Some recent conversations touched on building a culture of reliability. This post explores one piece of that: practice.

Practice Before It Breaks

Being on call is tough. It’s stressful. The page comes in, adrenaline spikes, and you’re scrambling. It’s not a fun time.

One way to make that stress manageable is to practice. If you’ve never walked through a restart, or an alert, or a login issue before it breaks then of course you’re going to freeze when it does.

Drills give you a chance to interact with the system and figure things out while it’s still calm. You simulate fire ahead of time, so when the real thing happens, you don’t panic. You’ve seen what happens and you have an idea of what to expect.

Practice in Pieces

Not every drill needs to simulate a catastrophe. Some just walk through a single action—loading a dashboard, restarting a service, deploying a config. Others mimic real-world pressure: a customer hammering on a dashboard, a long-running cron job, or support backfilling data.

That kind of mess is what actually causes most incidents. Not the infrastructure itself, but the messy edge cases—customers doing unexpected things, real load, application-layer bugs.

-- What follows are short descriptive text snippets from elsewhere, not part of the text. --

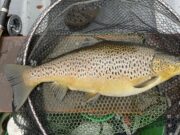 Weather dictates success on Corrib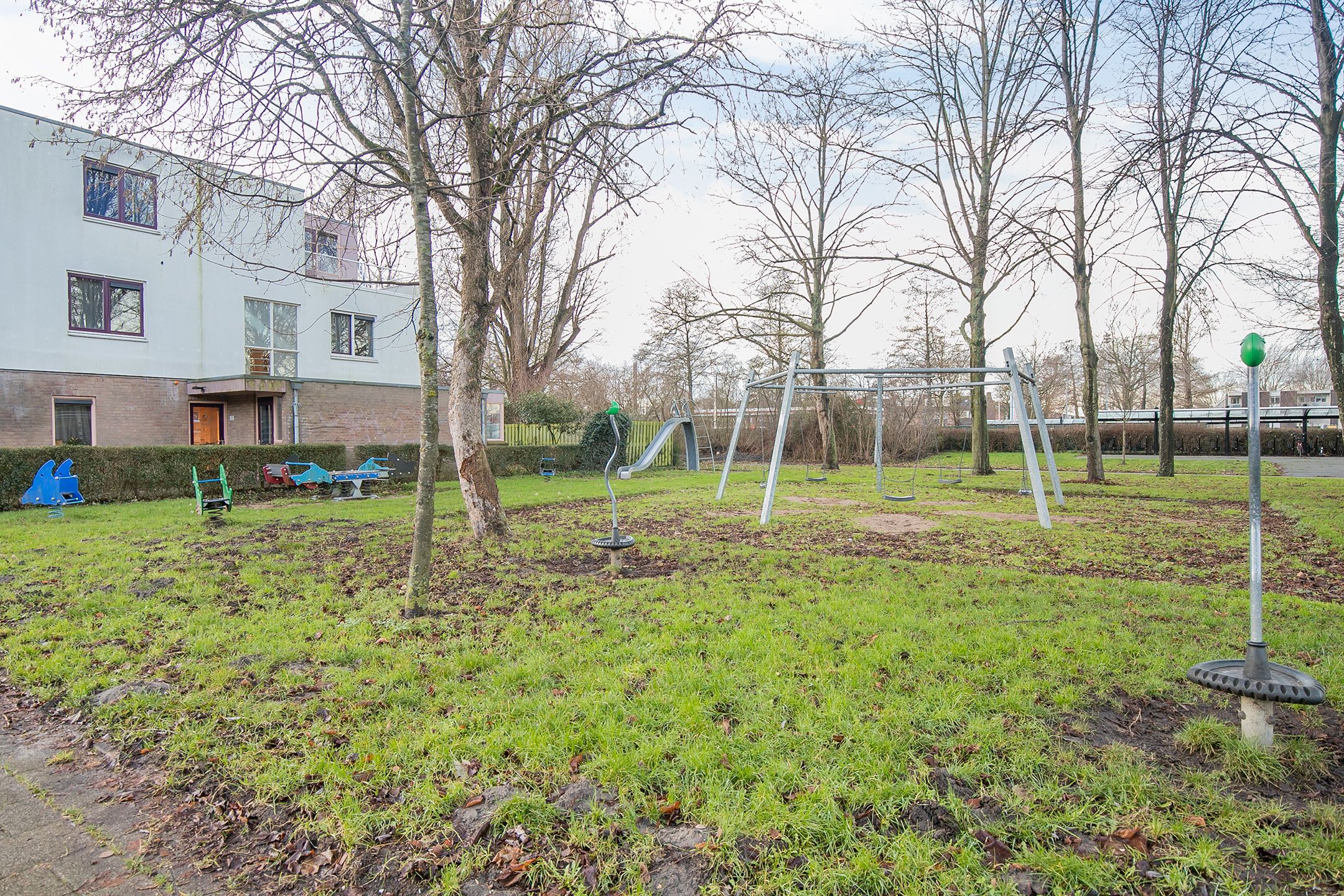 Foto 27 van Bolkruid 39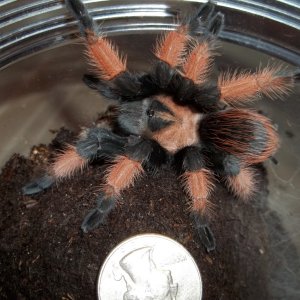 B. emilia Sub Adult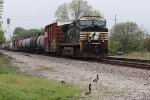 NS 4376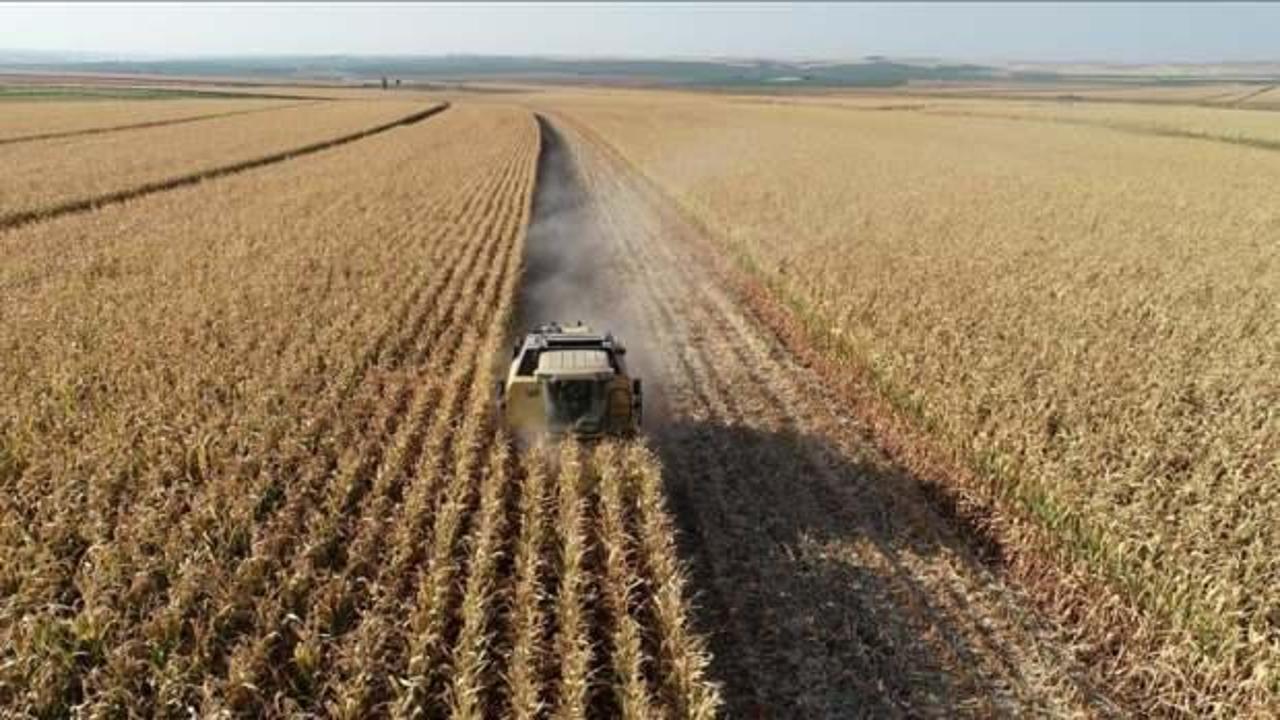IPARD III Programı kapsamında bugüne kadar 343 milyon avroluk destek ilanına çıkıldı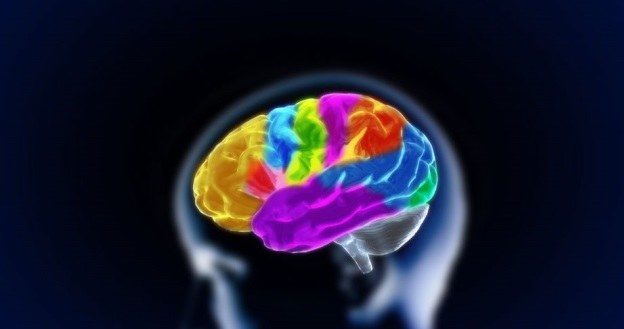 Czy kiedyś będzie możliwe sterowanie umysłem innego ciała? Pierwszy krok już zrobiono /123RF/PICSEL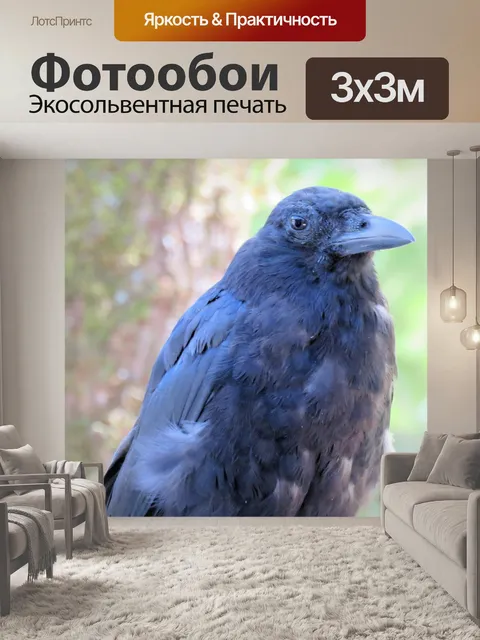Фотообои ворона 6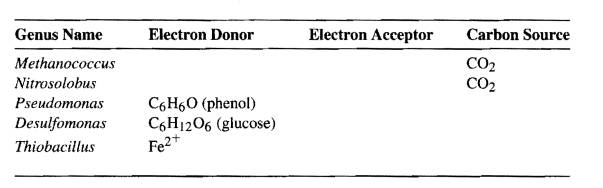 Listed below are genus names for different kinds of prokaryotes. After each genus name are spaces...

And while you can walk through the steps it’s better to actually perform them and see what really breaks.

Practice in Prod

Staging environments are incomplete representations of production. There’s rarely enough data, and logging and alerting usually aren’t fully wired up. But if that’s where you feel comfortable starting, that’s fine. Start there.

Eventually, though, you’ll want to practice in prod. Nothing beats production. It’s where you learn how an incident really unfolds.

Plan Your Practice

A drill isn’t supposed to be a surprise. No chaos monkey please, we don’t need more stress. So schedule the drill, pick a scope, and let other teams know what you’re doing.

Other Benefits

There’s more to practicing than just not panicking during an incident. Drills are also a way to bring people into the team, to share language and techniques, and to build camaraderie.

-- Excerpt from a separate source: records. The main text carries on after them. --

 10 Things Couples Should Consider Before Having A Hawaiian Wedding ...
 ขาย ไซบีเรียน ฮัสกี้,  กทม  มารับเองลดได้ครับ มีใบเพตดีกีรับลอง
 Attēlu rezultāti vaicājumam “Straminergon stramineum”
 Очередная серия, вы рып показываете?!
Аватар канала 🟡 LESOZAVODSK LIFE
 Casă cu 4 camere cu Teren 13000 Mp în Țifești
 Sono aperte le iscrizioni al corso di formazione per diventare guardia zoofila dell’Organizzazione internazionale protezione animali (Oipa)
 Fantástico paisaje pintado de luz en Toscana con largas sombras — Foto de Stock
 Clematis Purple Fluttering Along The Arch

They’re also one of the simplest ways to share institutional knowledge (because no matter how much you document, some of it just lives in people’s heads). And sharing that builds trust – it helps people feel like they belong.

Conclusion

Practice doesn’t solve everything. But it lowers panic, surfaces the unknown, and builds trust.


I’ve written elsewhere about operational reviews, and there’s more to say about observability, operability, and performance. This post focuses on practice, specifically, the benefits of practice.